### Supplied material
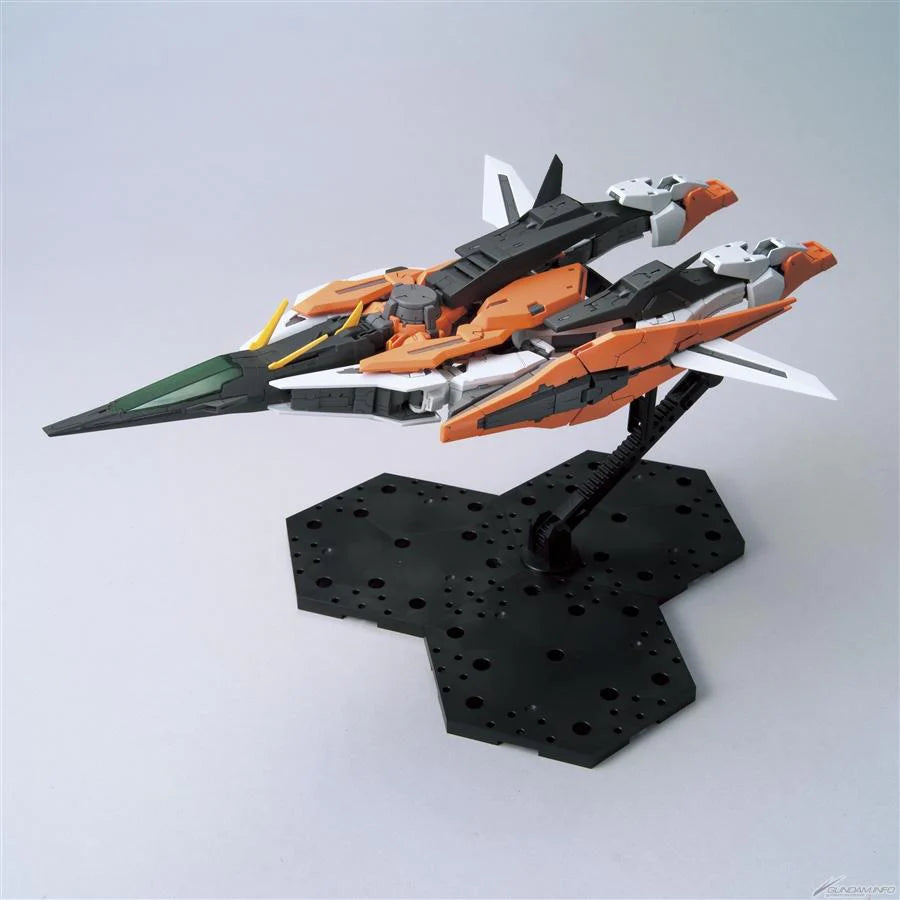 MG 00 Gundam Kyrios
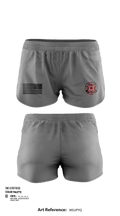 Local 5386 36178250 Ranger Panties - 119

---

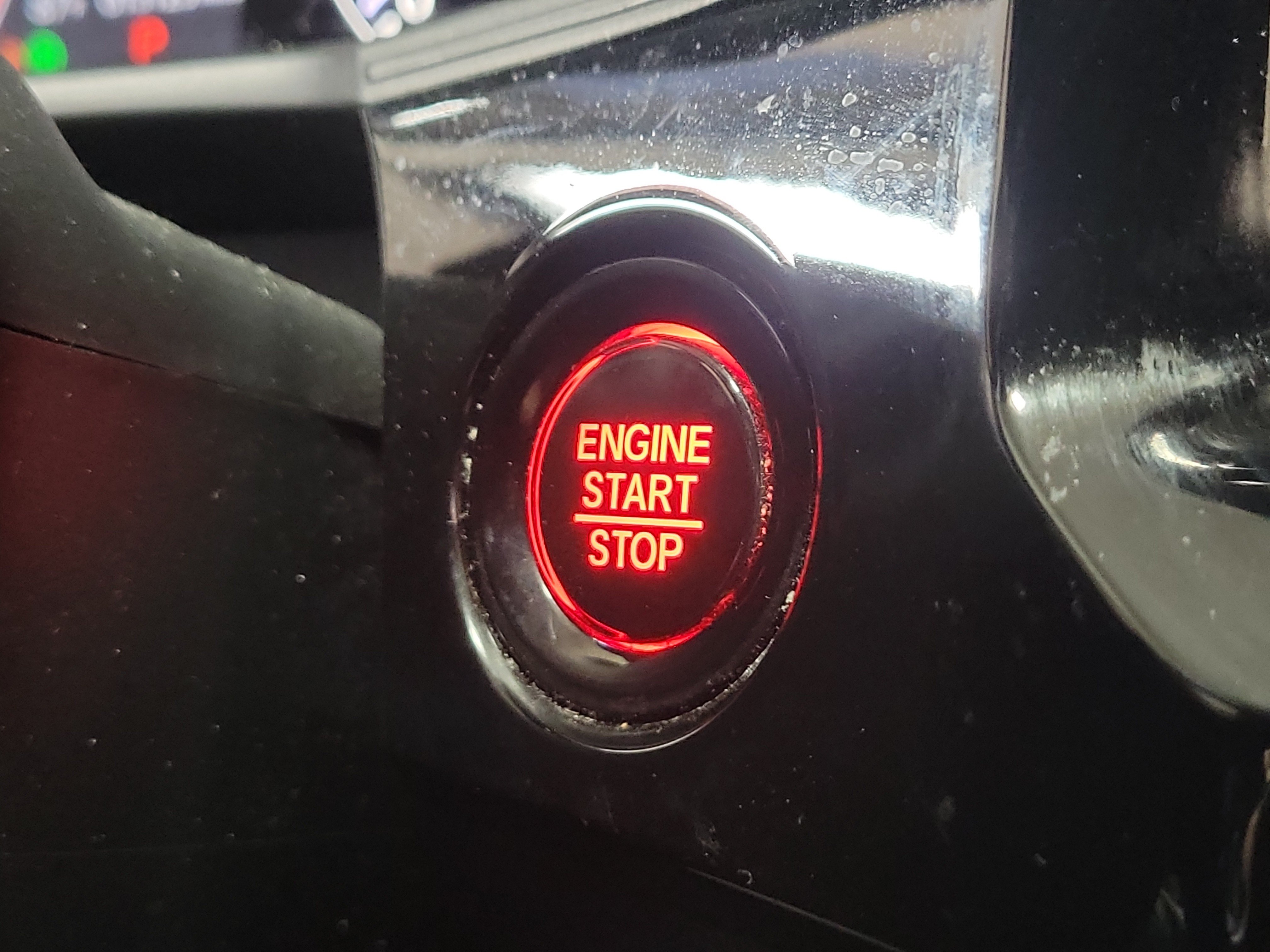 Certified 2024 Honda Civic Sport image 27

* * *

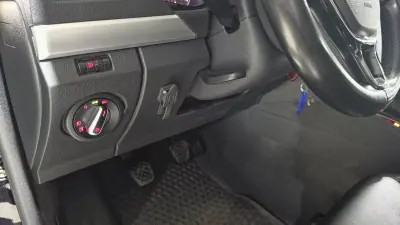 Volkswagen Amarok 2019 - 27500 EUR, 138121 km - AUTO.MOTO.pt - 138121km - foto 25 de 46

### Task statement
Using the data above, transcribe exactly the lines between those containing "MG 00 Gundam Kyrios" and "Local 5386 36178250 Ranger Panties - 119", inclusive, and leave every picture behind.

### Output
 MG 00 Gundam Kyrios
 Local 5386 36178250 Ranger Panties - 119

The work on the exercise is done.